After a year of mainstream radio exposure, MTV airplay, and commercial tie-ins, the once underground swing movement will reach complete mass media meltdown when Big Bad Voodoo Daddy joins Gloria Estefan and Stevie Wonder as part of the Super Bowl halftime show next month.

The band, who will participate in an event saddled with the unwieldy but profitable title of "The Progressive Auto Insurance Super Bowl XXXIII Halftime Show," now joins a roster of past performers that includes Up With People, New Kids On The Block, and Brian Boitano. "Audiences young and old will love the fun, high-energy performance of Big Bad Voodoo Daddy," NFL President Neil Austrian vowed in a written statement released on Monday. The announcement is also believed to be the first time ever that the National Football League has issued a press release that name-checks Black Flag.

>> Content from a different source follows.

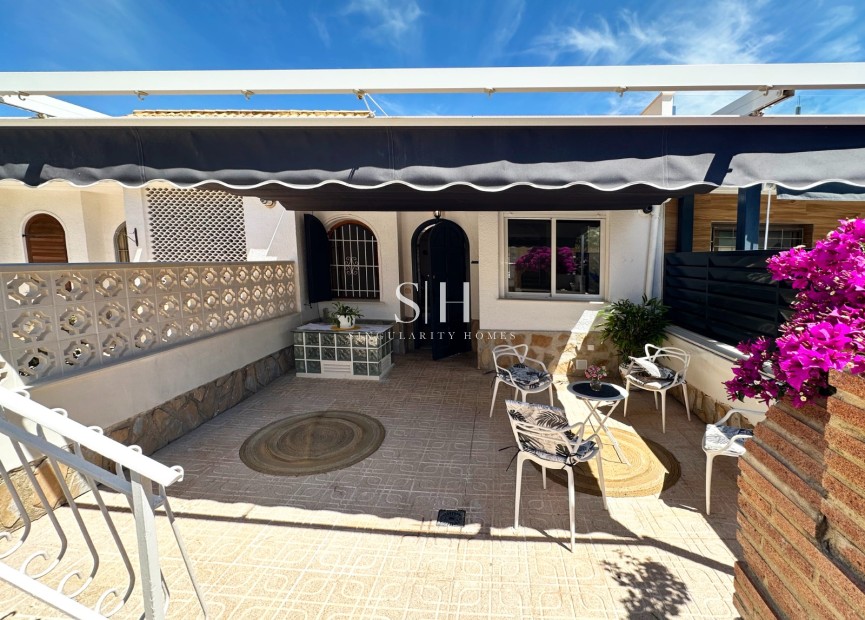 Reventa - Casa - Orihuela Costa - Costa Blanca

In the early days of the Super Bowl, when dinosaurs roamed the earth, the game's halftime proceedings resembled those of your average football contest with marching bands filling the time between the second and third quarter. Over the years, as viewership has grown, so have the halftime proceedings, giving the world spectacles like Super Bowl XXVI's "Winter Magic" with Gloria Estefan, Brian Boitano and Dorothy Hamill, Super Bowl XXVIII's "Rockin' Country Sunday" with Wynonna, Naomi Judd, Clint Black, Travis Tritt and Tanya Tucker, and Super Bowl XXIX's "The Temple of the Forbidden Eye" with Tony Bennett, Patti LaBelle, Arturo Sandoval and the Miami Sound Machine.

The NFL has tried to give younger viewers less of a reason to turn the channel during halftime of the Super Bowl in recent years, employing the services of Boyz II Men and Queen Latifah last year as part of a Motown Records 40th anniversary celebration.